ヴォーティガン(ボーティガン)は戦いに備えて塔の建造を命じたところ、土台となる地面の下に何かが埋まっているようで、それが塔建築の妨げとなっていた。

一体何が埋まっているのか調査を始めたところ、魔術師の少年マーリン(右挿絵)が現れ、2匹の竜が地底に封印されていると告げた。

半信半疑のヴォーティガンはさっそく地面を掘らせてみたところ、大きな2つの石の箱が現れた。恐る恐る箱を開けてみると、そこには神話時代から伝わる伝説上の赤い竜・白い竜がそれぞれ収められていた。

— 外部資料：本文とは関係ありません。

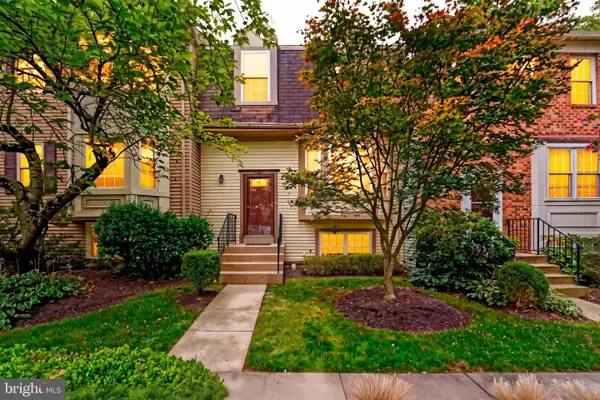 7930 Peyton Forest Trl, ANNANDALE, VA 22003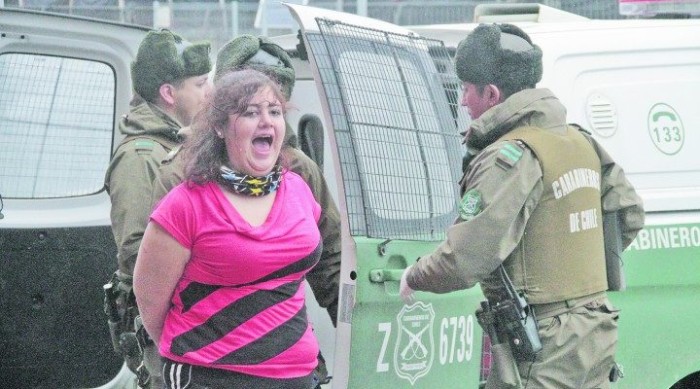 Todo por venganza: joven acuchilló en la cara a anciana con quien habría tenido rencillas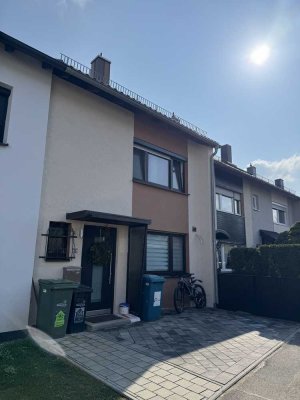 Charmantes Reihenhaus mit 6 Zimmern in Ingolstadt-Nordwest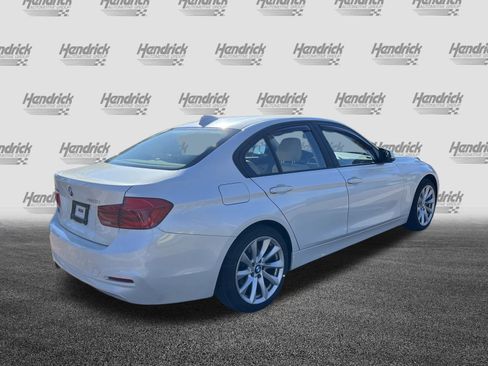 Used 2018 BMW 320i xDrive Sedan w/ Premium Package image 10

封印を解かれ再び争いを始める2匹の竜。一体これは何なのか魔術師マーリンに尋ねると、赤い竜はブリトン人(ケルト系先住民族)、白い竜はサクソン人(ヨーロッパから渡来)であり、「2匹の争いは赤い竜が白い竜を踏みつぶすまで終わらない」と予言めいた言葉を残した。後世になって、この予言は現実のものとなっていった。

サクソン人と手を組んだヴォーティガン

北部のピクト人との戦いを有利に進めるため、ヴォーティガンはヨーロッパからサクソン人を傭兵として多数上陸させた。しかしこれが先住者ブリトン人との争いを招き、戦いに敗れたブリトン人は敗走してウェールズの地に追いやられてしまった。

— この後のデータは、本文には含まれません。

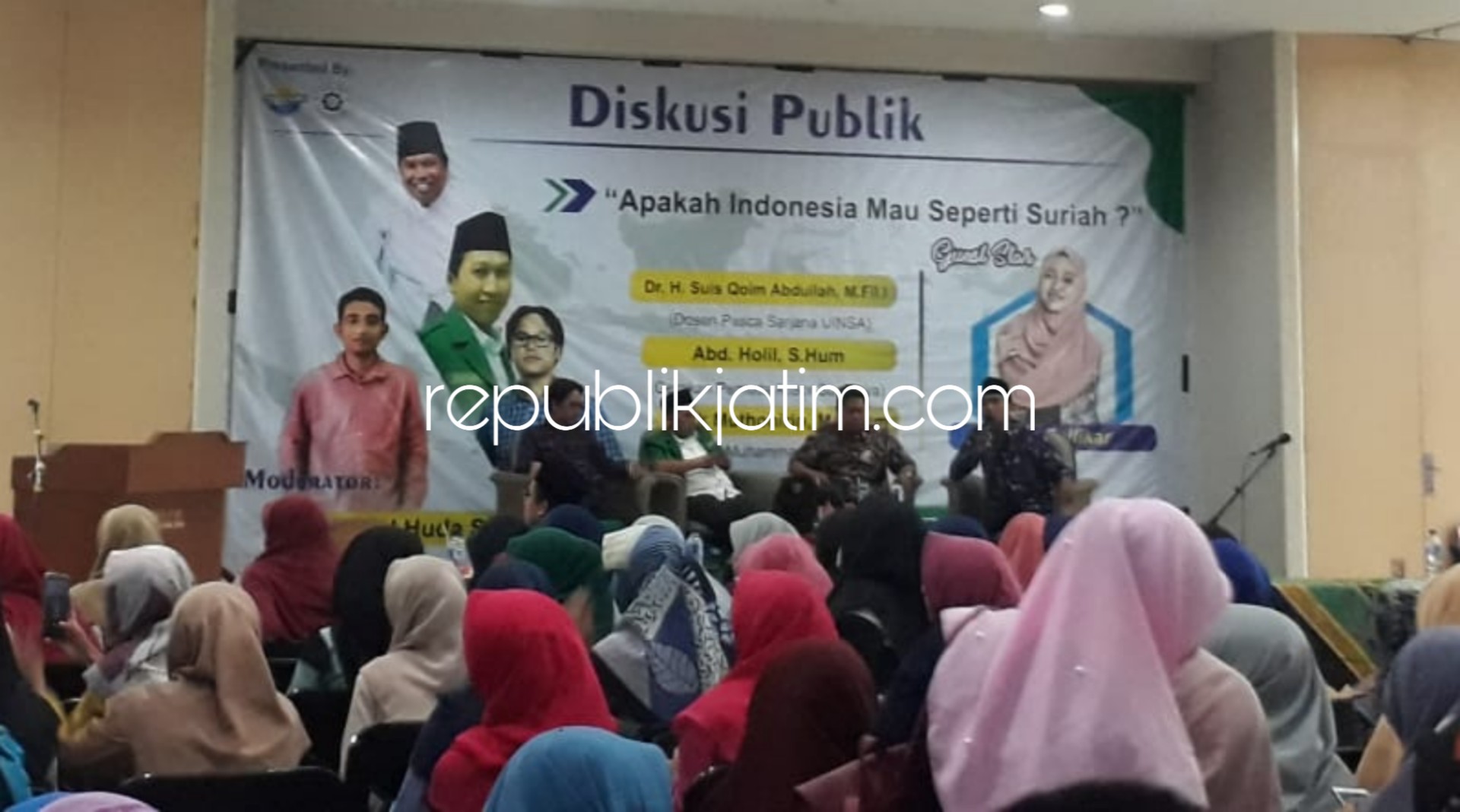 PUBLIK - Diskusi Publik yang digelar LKSP di Aula Universitas Islam Negeri Sunan Ampel (UINSA) bertema "Apakah Indonesia Mau Seperti Suriah?" menarik perhatian peserta, Rabu (19/12/2018).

さらにヴォーティガンは異民族サクソン人と手を組み、ブリトン人に対して暴政を敷いた。追い詰められたブリトン人達はついに立ち上がり、逃れていた各地で反乱軍が次々と結成されていった。反乱軍との戦いで暴君ヴォーティガンは討ち死した。

夜空に火の竜 ~ブリトン人の宿命~

ヴォーティガンの死後、ブリタニアを治めていたブリトン人の指導者アンブロシウス・アウレリアヌスは、弟ユーサー(ウーサー/ウーゼル)とともに、サクソン人との戦いを続けていたが、兄アウレリアヌスは戦闘に敗れ亡くなってしまう。

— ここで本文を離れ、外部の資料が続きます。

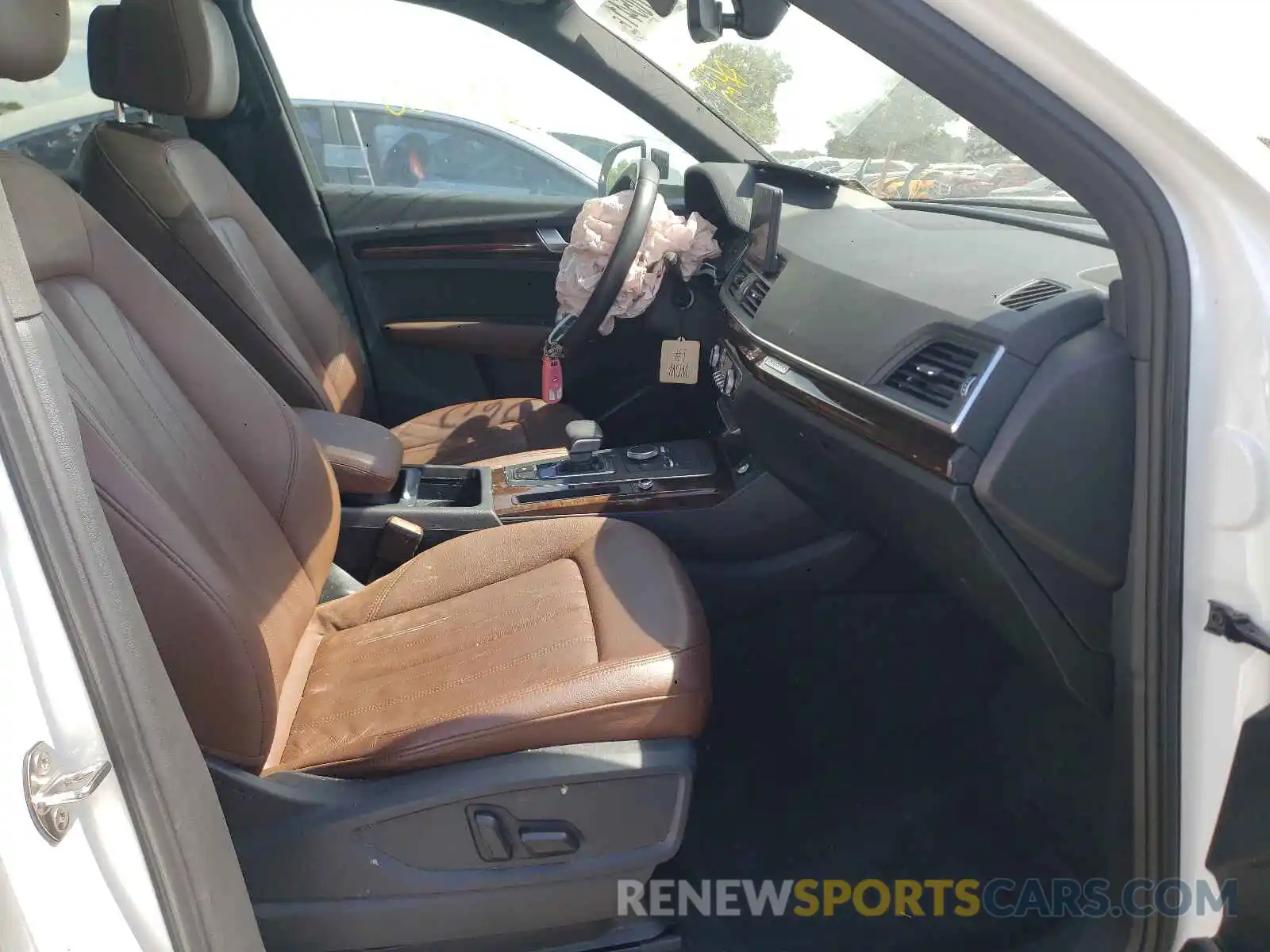 5 Photograph of a damaged car WA1ANAFY5K2136120 AUDI Q5 2019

兄の死後もサクソンとの戦いを続けたユーサー(右挿絵)だったが、ある時、夜空に明るく輝く大きな彗星が現れた。それは赤くまばゆい光を放ち、巨大な尾を引き流れていく様は、あたかも燃え盛る巨大な火の竜が天を駆けていくようであった。

ユーサーは魔術師マーリンにこの彗星が示す意味を尋ねると、ブリトン人にはサクソンを打ち滅ぼす宿命があること、ユーサーの息子は将来偉大な王となること、そして子々孫々ブリタニアの王としてこの地を治めていくという運命を告げた。

息子はアーサー王に ~そして伝説へ~

己の宿命を知ったユーサーは、兄アウレリアヌの死という悲しみを乗り越え、長く苦しい戦いの日々を懸命の思いで勝ち抜き、ついにサクソン人との争いに勝利を収めた。

ブリタニア王の座に就いたユーサーは、運命を知らしめた火の竜の星を崇めるとともに、赤い竜・白い竜の魂を鎮めるべく、2匹の黄金の竜を作らせた。

後にユーサーは「ユーサー・ペンドラゴン」(Uther Pendragon:竜の王、竜王)と讃えられ、その息子はアーサー王となり、サクソン人の侵攻を撃退した君主として数多くの伝説を残していくことになる(アーサー王物語)。